2. Then we substitute this variable in the other curve’s or line’s equation.
3. This makes the entire equation in a single variable only.
4. Then we can solve for that variable and get the value of that variable.
5. Finally, we can put the value of the known variable in any of the equations and then get the point of contact as well because we have both the coordinates.

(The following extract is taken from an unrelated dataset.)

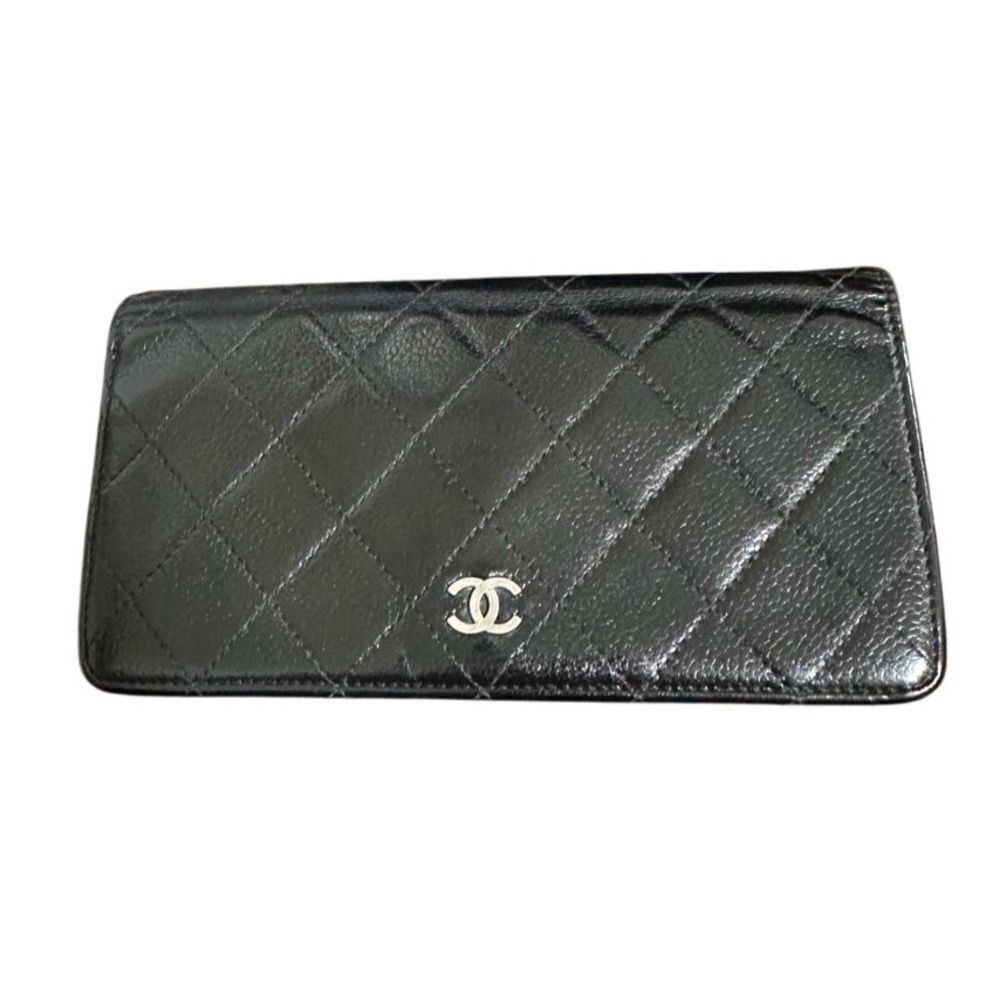 Chanel quilted black leather wallet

Complete Step-by-step answer:
As mentioned in the question, we have to find the point of contact of the given line and the given hyperbola and for that we would follow the procedure as mentioned in the hint which is as follows
\[\begin{align}
  & 5x+12y=9 \\
 & x=\dfrac{9-12y}{5} \\
\end{align}\]
 Now, we put this value in the equation of the hyperbola as follows

\[\begin{align}
  & {{x}^{2}}-9{{y}^{2}}=9 \\
 & \Rightarrow {{\left( \dfrac{9-12y}{5} \right)}^{2}}-9{{y}^{2}}=9 \\
 & \Rightarrow {{\left( 9-12y \right)}^{2}}-25\times 9{{y}^{2}}=9\times 25 \\
 & \Rightarrow 81+144{{y}^{2}}-216y-225{{y}^{2}}=225 \\
 & \Rightarrow -81{{y}^{2}}-216y-144=0 \\
 & \Rightarrow -9{{y}^{2}}-24y-16=0 \\
 & \Rightarrow 9{{y}^{2}}+24y+16=0 \\
\end{align}\]
On solving this quadratic equation, we get

\[\begin{align}
  & y=\dfrac{-24\pm \sqrt{{{24}^{2}}-4\cdot 9\cdot 16}}{2\cdot 9} \\
 & y=\dfrac{-24\pm \sqrt{576-576}}{18} \\
 & y=\dfrac{-24}{18} \\
 & y=-\dfrac{4}{3} \\
\end{align}\]
Now, putting this value in the equation of the line, we get
\[\begin{align}
  & x=\dfrac{9-12\times \dfrac{-4}{3}}{5} \\
 & x=\dfrac{25}{5} \\
 & x=5 \\
\end{align}\]
Hence, the line touches the hyperbola at
\[(x,y)=\left( 5,\dfrac{-4}{3} \right)\]

Note: The students can make an error if they don’t know the procedure to find the point of contact or intersection points as then they won’t be able to get to the correct value.
Another important thing is that if more than one point of contact appears, then this means that the two curves are intersecting and the points that we will get would be those points only which are the points of intersection.